In the case of James v Greenwich Borough Council Mrs James worked for Greenwich Council for 5 years via an employment agency. She argued that an implied contract of employment had arisen between her and the council. The Employment Appeal Tribunal upheld the Tribunal’s decision that there was no implied contract, as no mutuality of obligation existed, and gave the following guidance on when it is appropriate to imply a contract between a worker and the end user:
- It is not appropriate to imply a contract where the end user cannot insist on the agency supplying a particular worker.
- Where the arrangements are genuine and implemented accurately and represent the actual relationship with the parties, then it will be rare for there to be sufficient evidence to entitle an Employment Tribunal to imply a contract between the agency worker and end user.
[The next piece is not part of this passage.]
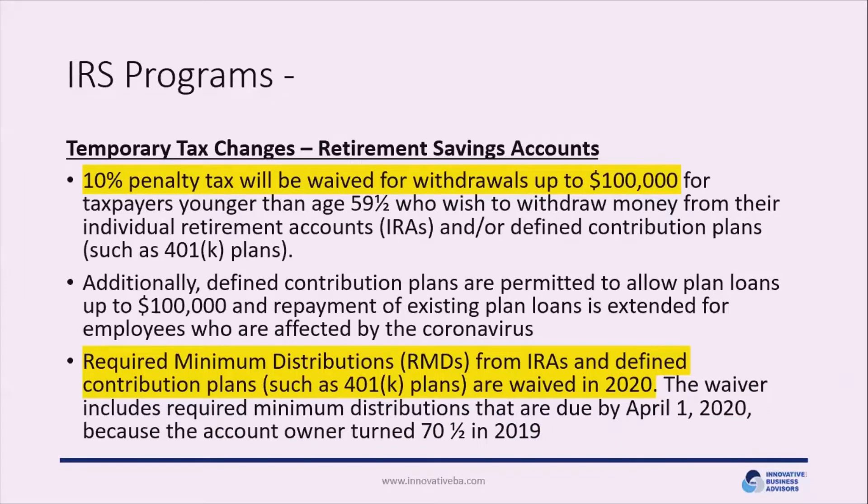The IRS has also made significant changes for those with IRAs or retirement savings accounts such as 401(k)s. They have suspended the early withdrawal penalty — typically 10% — for withdrawals up to $100,000 for those 59½ or younger. For 2020, tax penalties for early withdrawals have been waived up to $100,000. If you're in a defined contribution plan that allows loans, they've also changed the fees and repayment periods. And for those 70½ and older required to take minimum distributions from IRAs or 401(k)s, those have been waived for 2020.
- If such a contract is to be inferred then there must be some evidence which demonstrates that the agency arrangements no longer dictate or reflect how the work has been actually performed. It will be necessary to show that the worker is no longer working pursuant to the original agency arrangements but such that mutuality of obligation has arisen between the parties.
- The passage of time does not justify the implication of an employment contract.
While the above guidance appears to be clear it should be remembered that it is not in line with cases decided in the more senior Court of Appeal (Dacas v Brook Street Bureau and Cable & Wireless v Muscat). It therefore remains to be seen whether this approach will be adopted in future cases.